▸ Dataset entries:
━━━━━━━━
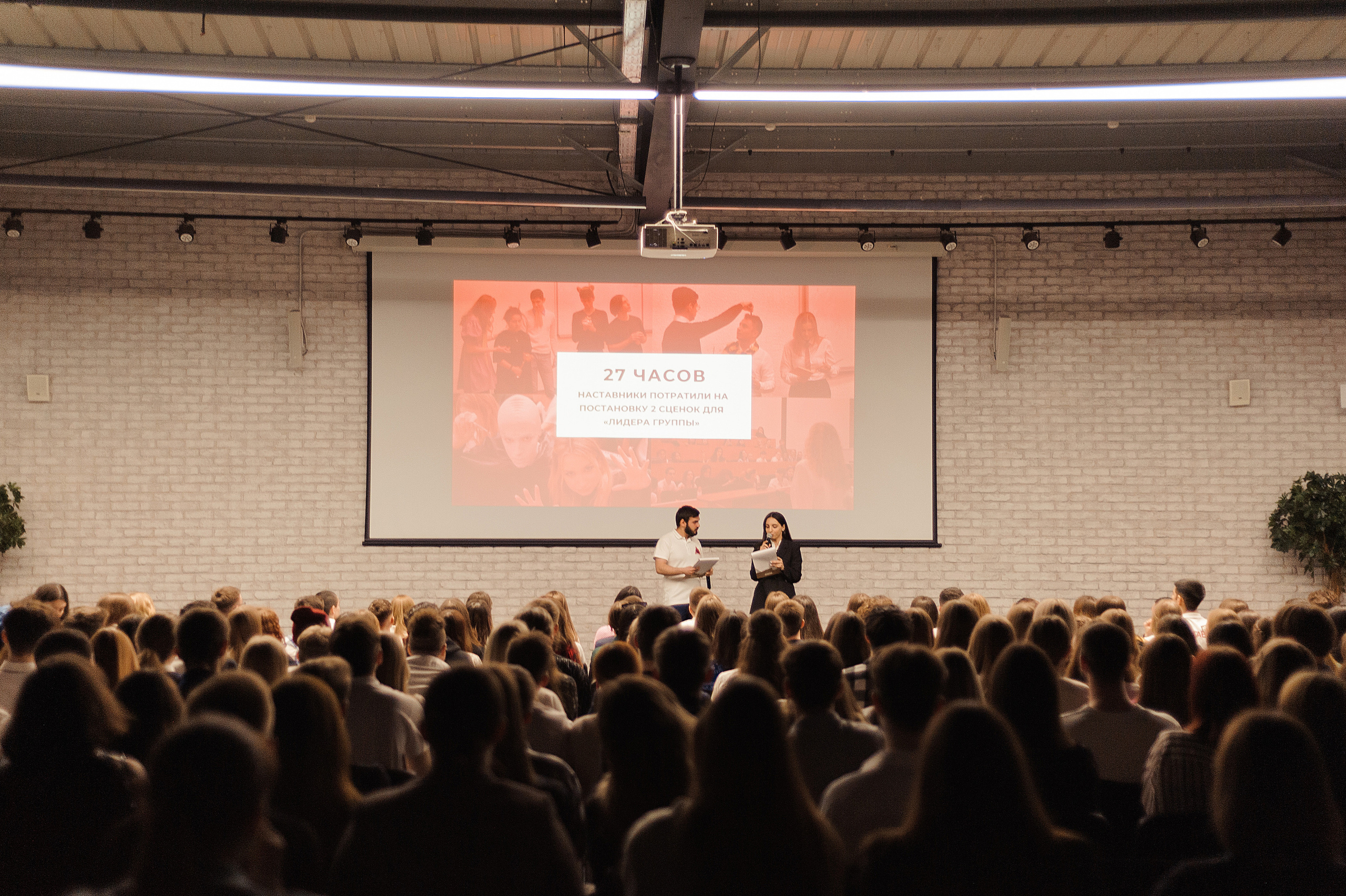 Студенческое наставничество ЮРИУ РАНХиГС. Свадебный и семейный фотограф в Ростове-на-Дону Алина Астахова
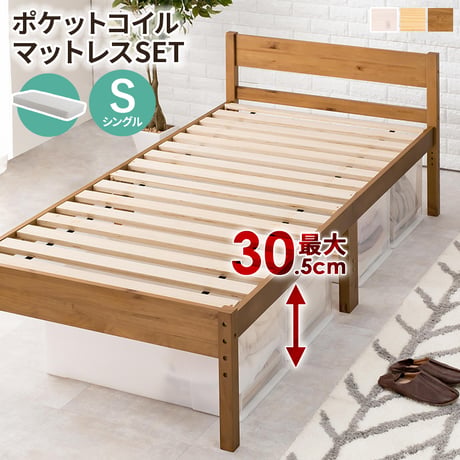 シングルベッド すのこベッド ベッド 宮棚付き コンセント付き シングルサイズ ベッドフレームのみ 敷き布団対応 木製 床面 高さ調節 幅100 ベッド下収納 天然木 パイン材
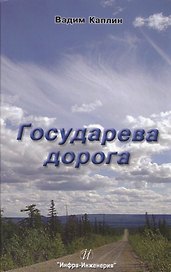 Государева дорога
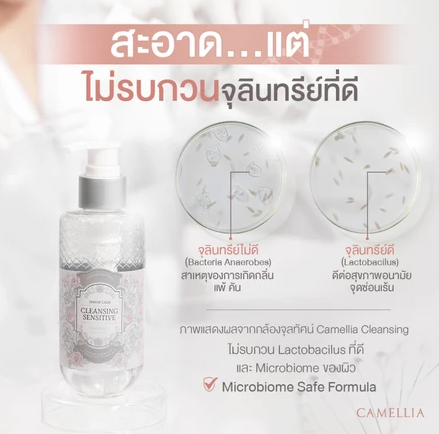 Cleansing Sensitive 2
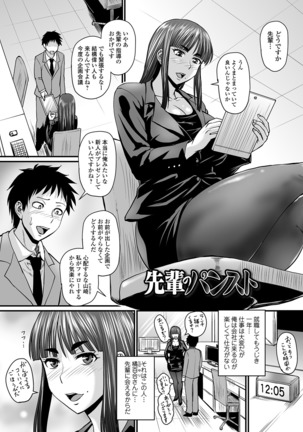 蒸れメス 濃厚スメル Page #74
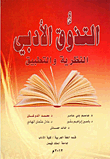 Literary Taste - Theory And Practice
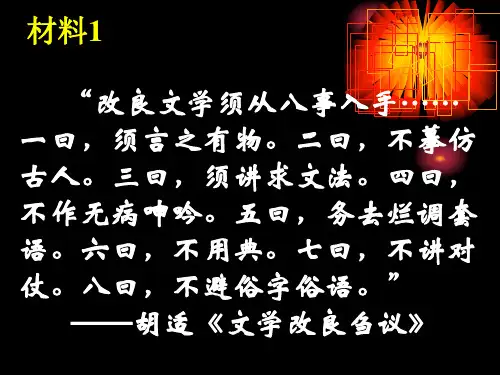 初二历史人教版八年级上册第二单元近代化的探索第9课新文化运动史料分析和建学建议课件17张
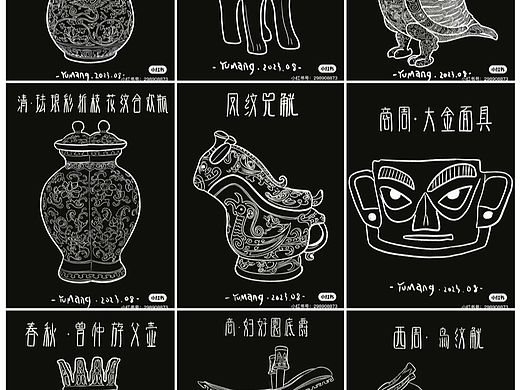 文物线稿 青铜器线稿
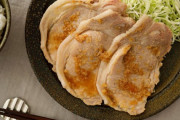 「しょうが焼き」頼んでコレが出てきた時の絶望感・・・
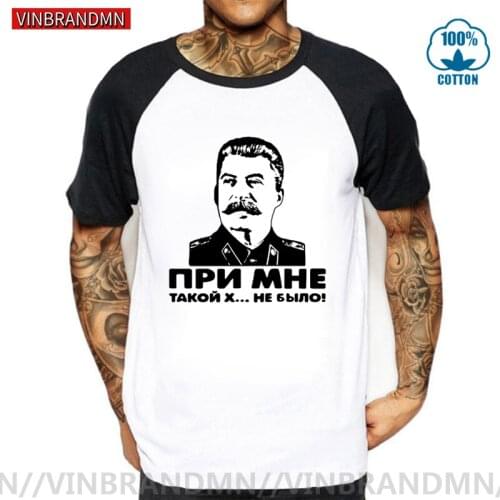 VINBRANDMN Mens Striped T-shirts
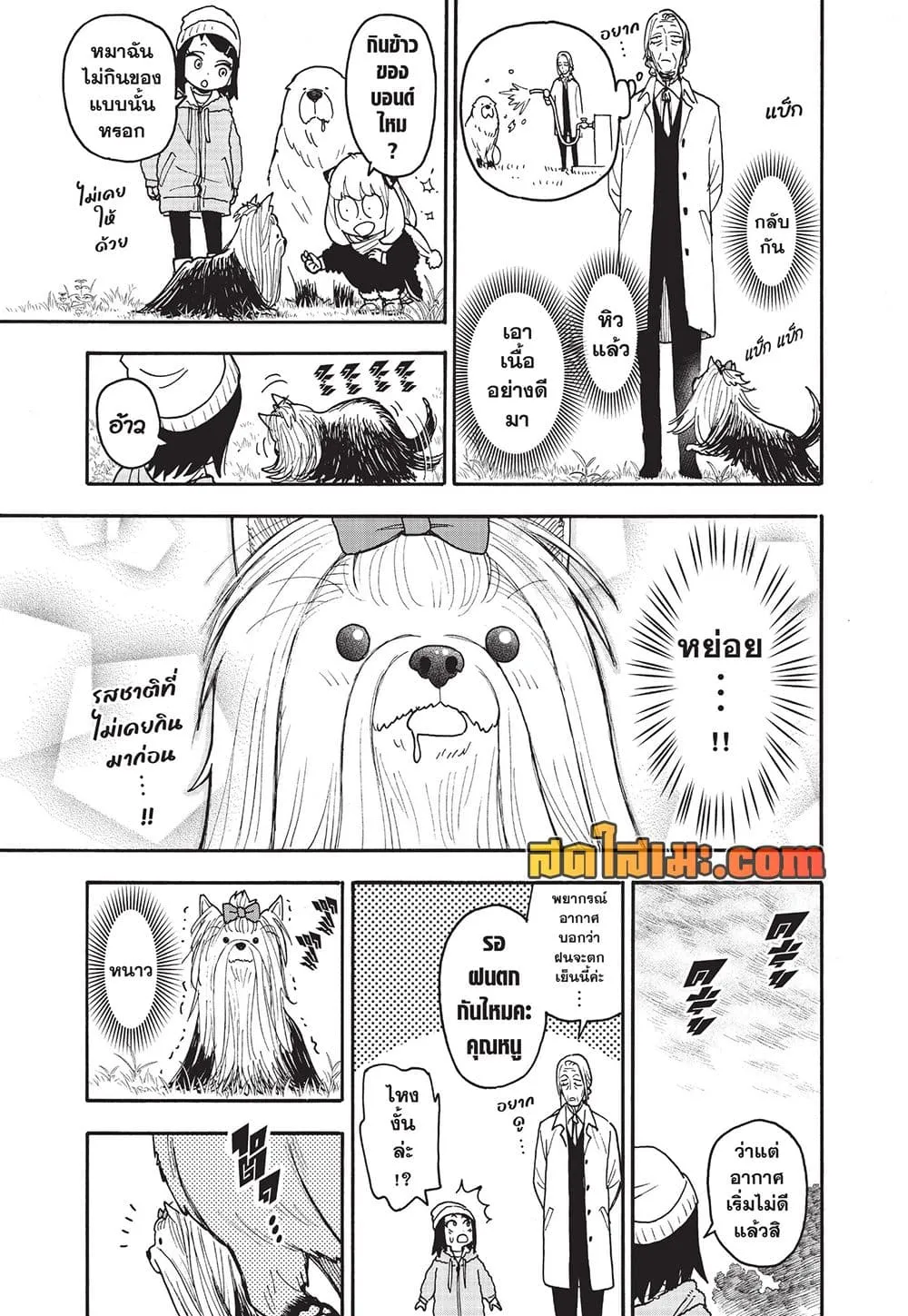 Manga-lc-com อ่านมังงะ อ่านการ์ตูน ออนไลน์ ฟรี Spy X Family ตอนที่ 1 2 3 4 5 6 7 8 9 10 11 12 13 14 ฟรี ไม่มีโฆษณา Manga-lc - อ่าน มังงะ อ่าน การ์ตูน ออนไลน์ อ่านมังงะ ฟรี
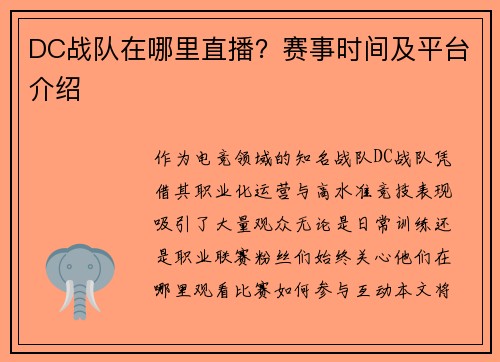 DC战队在哪里直播?赛事时间及平台介绍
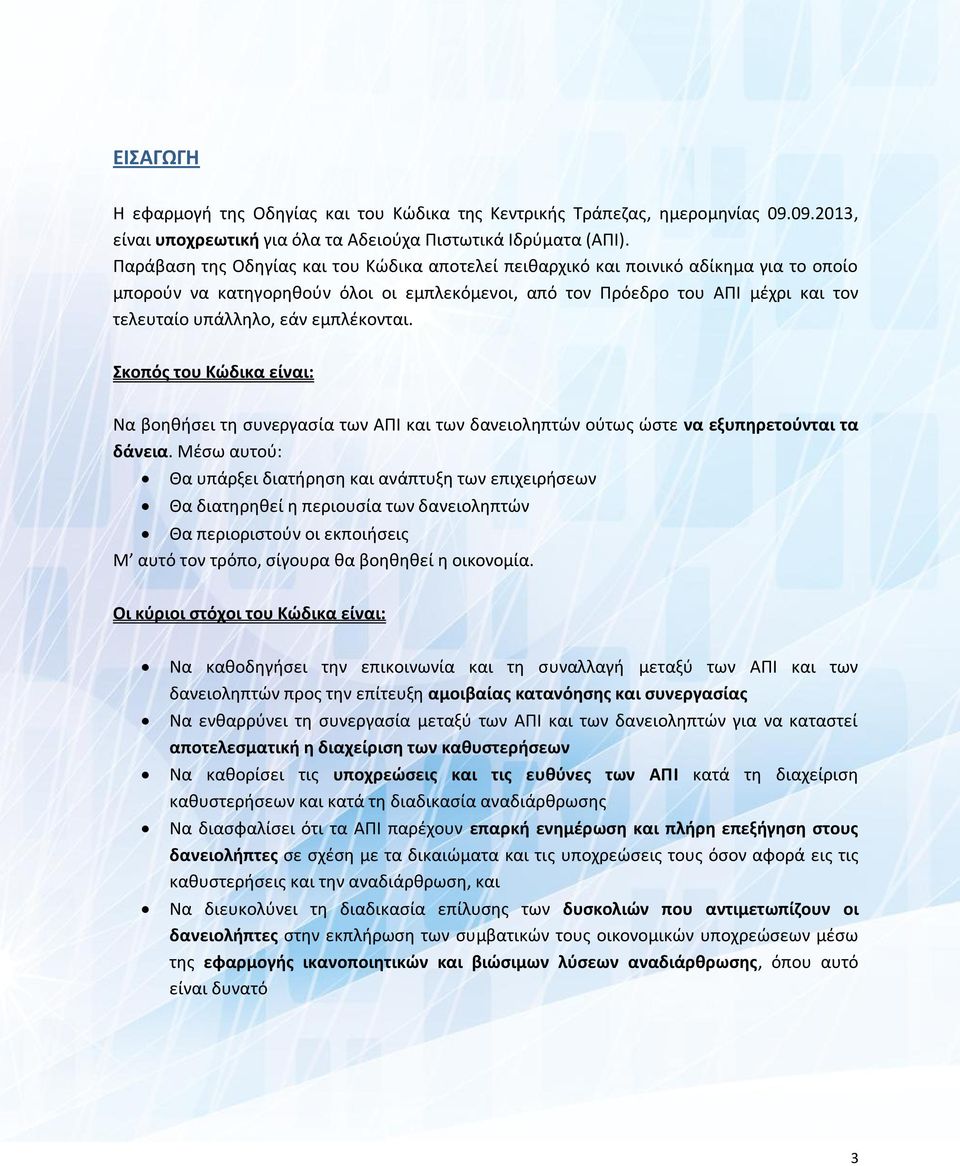 εμπλέκονται. Σκοπός του Κώδικα είναι: Να βοηθήσει τη συνεργασία των ΑΠΙ και των δανειοληπτών ούτως ώστε να εξυπηρετούνται τα δάνεια.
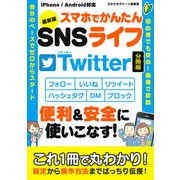 最新版 スマホでかんたんSNSライフTwitter【分冊版】（スタジオ・グリーン） [電子書籍]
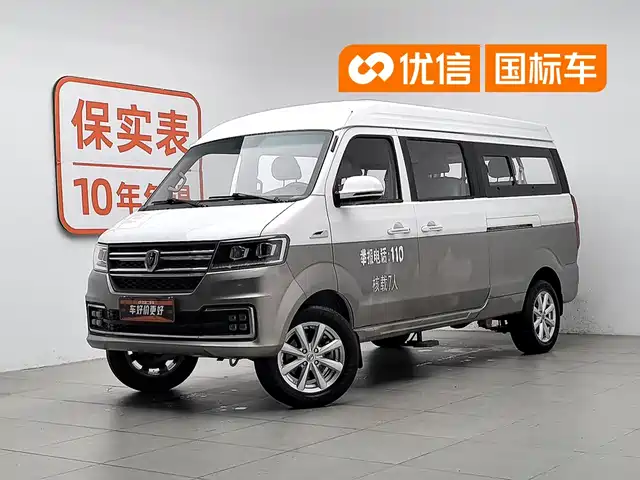 Jinbei New Hiace S 2022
━━━━━━━━
Where the line containing "Literary Taste - Theory And Practice" appears in the data above, begin there and output every line through the last, exactly and without pictures.

 Literary Taste - Theory And Practice
 初二历史人教版八年级上册第二单元近代化的探索第9课新文化运动史料分析和建学建议课件17张
 文物线稿 青铜器线稿
 「しょうが焼き」頼んでコレが出てきた時の絶望感・・・
 VINBRANDMN Mens Striped T-shirts
 Manga-lc-com อ่านมังงะ อ่านการ์ตูน ออนไลน์ ฟรี Spy X Family ตอนที่ 1 2 3 4 5 6 7 8 9 10 11 12 13 14 ฟรี ไม่มีโฆษณา Manga-lc - อ่าน มังงะ อ่าน การ์ตูน ออนไลน์ อ่านมังงะ ฟรี
 DC战队在哪里直播?赛事时间及平台介绍
 εμπλέκονται. Σκοπός του Κώδικα είναι: Να βοηθήσει τη συνεργασία των ΑΠΙ και των δανειοληπτών ούτως ώστε να εξυπηρετούνται τα δάνεια.
 最新版 スマホでかんたんSNSライフTwitter【分冊版】（スタジオ・グリーン） [電子書籍]
 Jinbei New Hiace S 2022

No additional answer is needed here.